Be sure to read her books, and connect with her on social media.


Guest Author Catherine Cavendish on ‘Waking the Ancients’

Welcoming back Guest Author Catherine Cavendish to the blog today, with a fascinating post on her new book Waking the Ancients. Take it away Cat!

Set – God of Chaos, Friend of the Dead

My new novel – Waking the Ancients – centres on a sinister archeologist called Dr. Emeryk Quintillus and his deadly obsession with the last Egyptian Pharaoh – Cleopatra. His quest to possess her immortal spirit leads to his involvement with a major ancient Egyptian deity – the god Set.

Dangerous, unpredictable – but a good friend to have in a crisis, Set was one of the most ancient of the Egyptian gods – and exceptionally well connected.

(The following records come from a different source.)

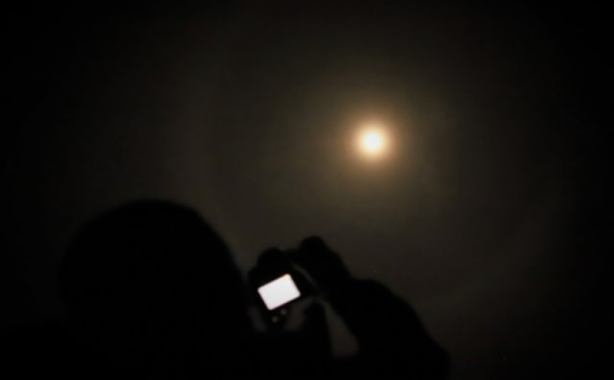 Foto - Ayın etrafında daire görenler telefona sarıldı! Meteoroloji'den açıklama yapıldı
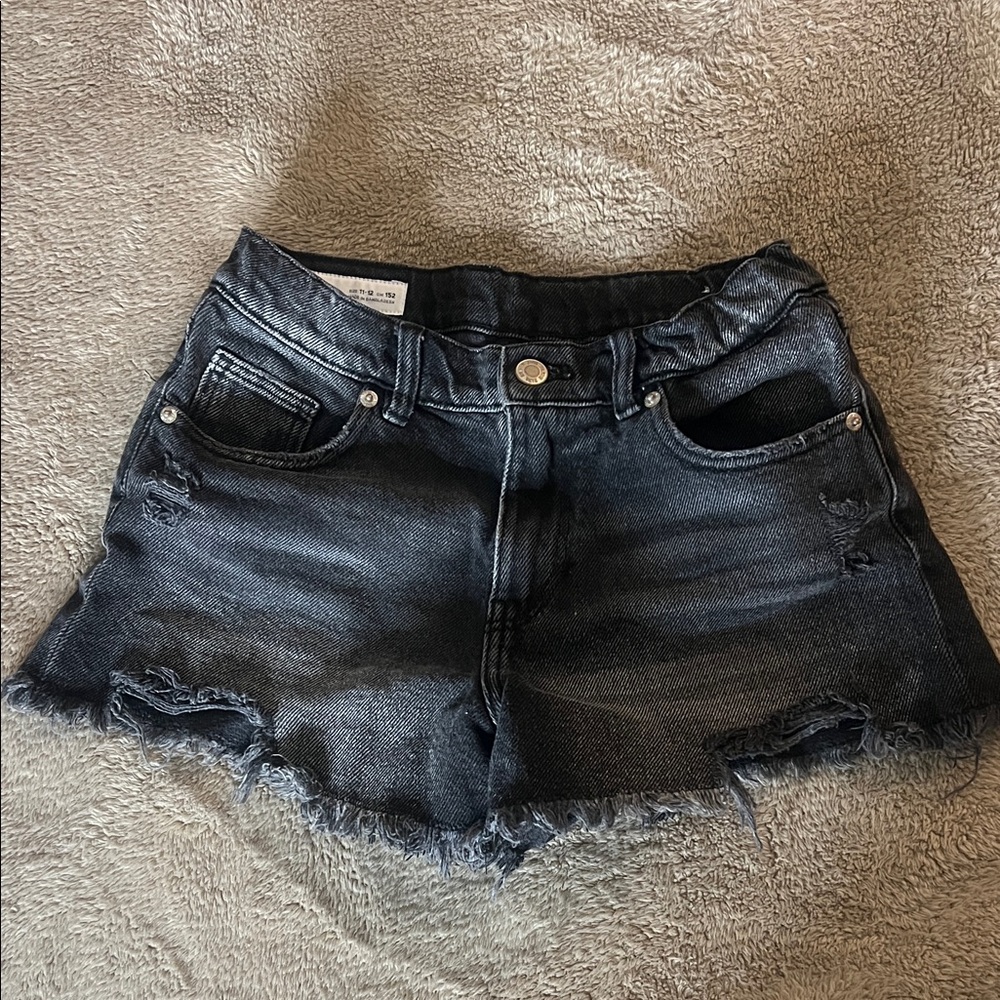 Black Zara kids shorts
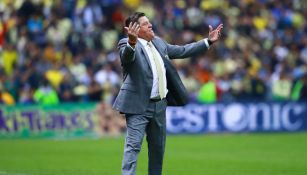 Miguel Herrera durante un partido con América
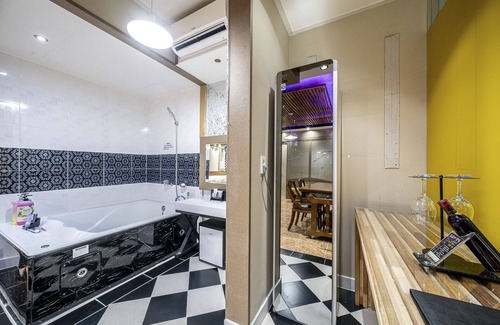 Dong-gu Hotel | Eco-Friendly Comfort at Ulsan Ilsan I with Pool & Breakfast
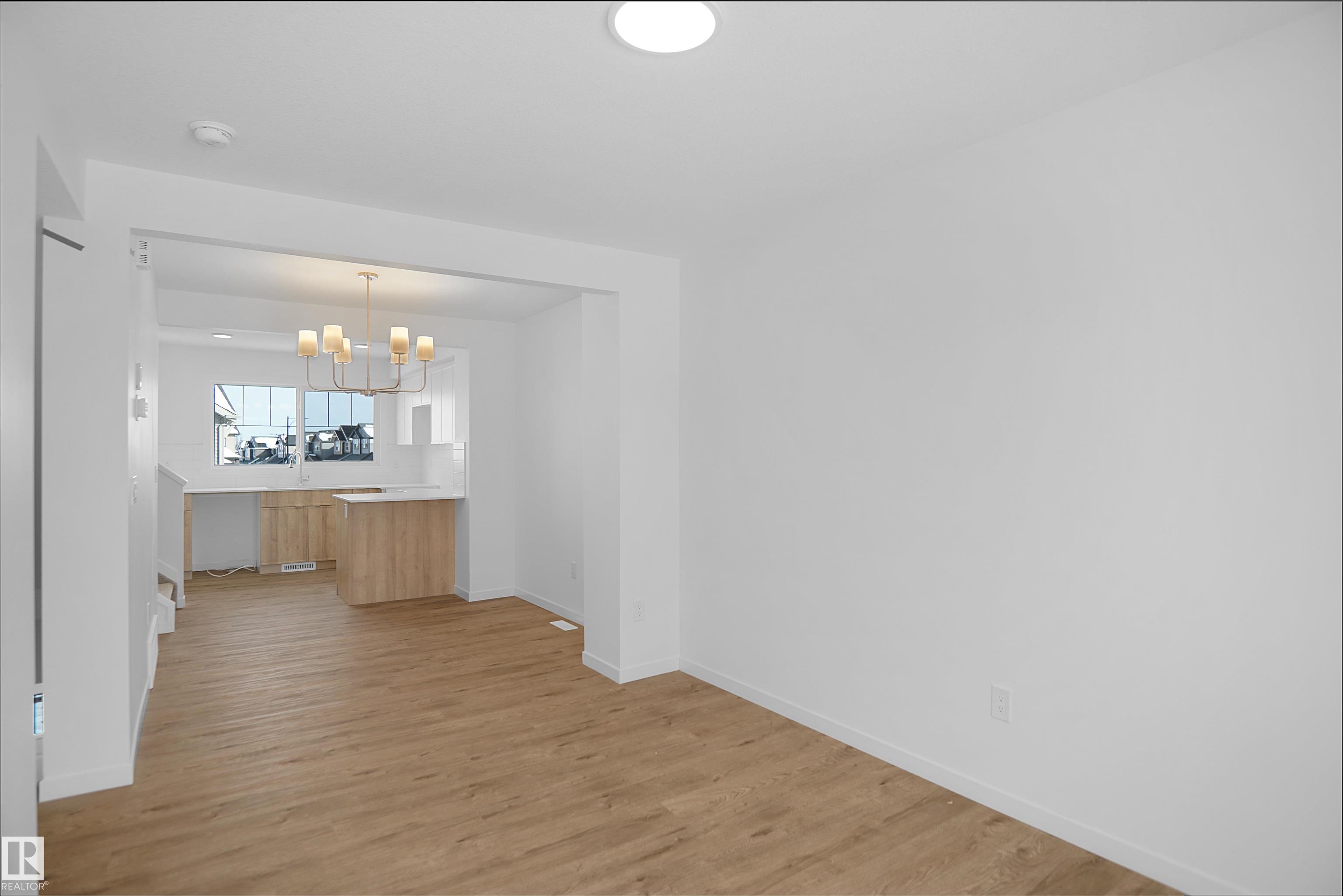 Fifth View of 27 531 Merlin Landing, Hawks Ridge, Edmonton, Alberta, T5S 0L9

Brother of Osiris, Horus the Elder, Isis and Nephthys, he was the god of storms, chaos, earthquakes, and all manner of natural disasters, but he was also a friend of the dead, helping them to ascend his ladder to transport them to heaven and he protected desert oases. He was unhinged in many ways and prone to extreme violence, right from the time he lay in his mother’s womb. Instead of waiting to be born naturally, legend has it that he ripped himself from his mother’s body.

Married incestuously to his sister, Nephthys, he was the antithesis of everything she represented. He was the earth, she was the air. He represented the desert and, as such, was infertile. She, on the other hand, had designs on her much more handsome brother Osiris who was married to Isis (evidently, they liked to keep everything in the family – a trait they shared with the Cleopatra’s Ptolemaic dynasty, among others). One day Nephthys disguised herself as Isis and seduced Osiris who, it is said, did not realise he had been tricked. A child, the god Anubis, was conceived out of this union and that is when the trouble really began.

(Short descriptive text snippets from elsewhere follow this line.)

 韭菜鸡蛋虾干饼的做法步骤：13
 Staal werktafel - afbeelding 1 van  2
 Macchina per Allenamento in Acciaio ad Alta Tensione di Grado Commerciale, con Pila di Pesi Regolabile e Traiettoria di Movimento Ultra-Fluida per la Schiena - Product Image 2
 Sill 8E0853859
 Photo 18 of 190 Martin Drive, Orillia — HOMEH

When he found out about her infidelity, Set was enraged but decided to wreak his vengeance on his sibling rather than his faithless wife. He already had form in attacking his brothers. In a power struggle for control of Egypt which lasted eighty years, Set plucked out one of Horus’s eyes. Horus responded by ripping off one of Set’s testicles. Now that’s what I call a dysfunctional family!

Set was determined to kill Osiris and enlisted the help of his followers into tricking his brother. Set laid on a great feast in honour of Osiris and presented him with an elaborate chest which he said he would give to whichever guest fitted into it. One after the other tried, but failed. Then Osiris had a go and, of course, it fitted perfectly. Before he could escape, Set’s followers nailed it shut and tossed it into the Nile.

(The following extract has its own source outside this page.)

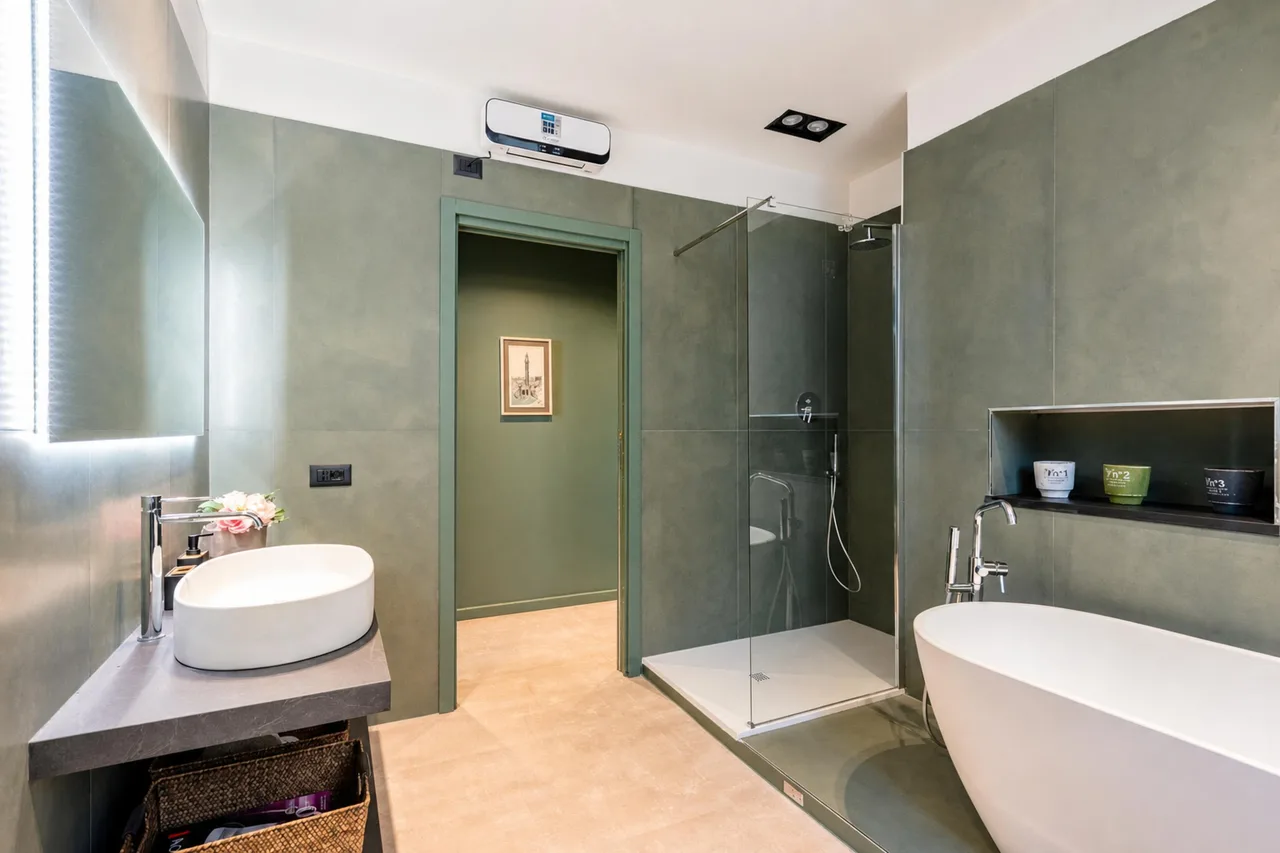 Waterfront Luxury Apartment in Genova photo 5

A distraught Isis found it, brought it home but was unable to prevent Set from taking it from her. He opened the chest and dismembered the body which was intact – except for his penis which had been eaten by a fish in the river. Set then scattered his body parts all over Egypt. Isis and Nephthys began searching for the pieces of Osiris’s body and reassembled them. Even without his penis, Isis managed to somehow magically conceive a son – another Horus.

There was another side to Set. On a positive note, he was the protector of the sun god Ra, who made his nightly journey in a barque across the heavens to rise again in the morning. But even in his role of protector, Set could not resist his evil side. He threatened Ra with storms if he did not treat him in the manner to which he felt was his due. Ra tired of his threats and expelled him from his barque. Other gods would assume his role.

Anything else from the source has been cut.